During my time in Jerusalem, I had the privilege to study rabbinic literature, medieval Jewish Philosophy, and some Talmudic texts with an eminent Talmudic scholar who came to Jerusalem in the 1940s and who had studied in the famous Eastern European Talmud Academy of Mir Yeshiva. He was a widely respected Halakhic authority and his name was Zev W. Gotthold, may His Memory be Blessed. I studied with him for more than fifteen years, on a daily basis, sometimes for hours. When I understood that rabbinic literature, which exhibits a fascinating form of diasporic thinking, can be hijacked and occupied by the State, and by nationalism, I moved to Europe, and now to Istanbul, and slowly started to transform the very format of rabbinic thinking - the format of the Talmudic page, for example, the famous Talmudic page with its living margins, its overflowing texts, its multi-temporal and multi-geographical references – into spatial artistic scenes for contemporary art. In some of my exhibitions I am translating the ancient page into contemporary exhibition formats, in hidden ways, not always obvious to the visitor. Also, I am following certain Halakhic concepts - such as ERUV (the mingling of fields, or courts, or any other kind of territories), or any other of those ancient concepts - and translate them into architectural epistemic principles. I wrote a book about these kind of transformations - it is called House of Taswir (2014). It is almost out of print. I might still have a few copies in Istanbul.
I know that you have extended your stay in Istanbul both for a prestigious art project and because you are amazed with Istanbul. First, what is your next project about and second how do you feel about Istanbul?

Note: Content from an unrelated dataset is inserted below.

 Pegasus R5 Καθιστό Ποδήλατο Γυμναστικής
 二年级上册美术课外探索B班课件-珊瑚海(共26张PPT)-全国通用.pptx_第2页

Istanbul is a city with an extremely intelligent, alert, brilliant contemporary art scene - much of its creativity is happening backstage - and I am always amazed how many doorways the city has to never-ending artistic spaces that are behind the scenes. Its creativity and artistic energy seem inexhaustible, even in times of hardship. The city has been very welcoming to the House of Taswir - and we have created several exciting exhibition projects for the summer. We will present a first edition of Beral Madra’s archive as artistic installation in the legendary Salon Galić in the Croatian city of Split in June, and then present the BM archive here in Istanbul in Tarabya on July 6, 2019. We managed to create a collaboration between BM Contemporary Art Center, the Goethe Institute and the Cultural Academy Tarabya in putting together a Berlin Istanbul team for the Beral Madra project, including the writer and curator from Istanbul, Sinan Eren Erk. In September, 2019, House of Taswir will present an ambitious exhibition as a parallel event to the 16th International Istanbul Biennial, called “Wednesday Society”. This exhibition will present a feminized, artistic version of Freud’s famous scholars’ association, with participating artists such as Meret Oppenheim, Rebecca Horn, Natela Iankoshvili, Gülçin Aksoy and Tony Chakar. Also, it will present another edition of Beral Madra’s archive, turning it into a future agenda of cosmopolitan revival. “Wednesday Society” is going to take place at the 400 sqm souterrain of ARTAM’s Antic Palace in the Maçka, Nişantaşı neighborhood. We will be happy to see you there!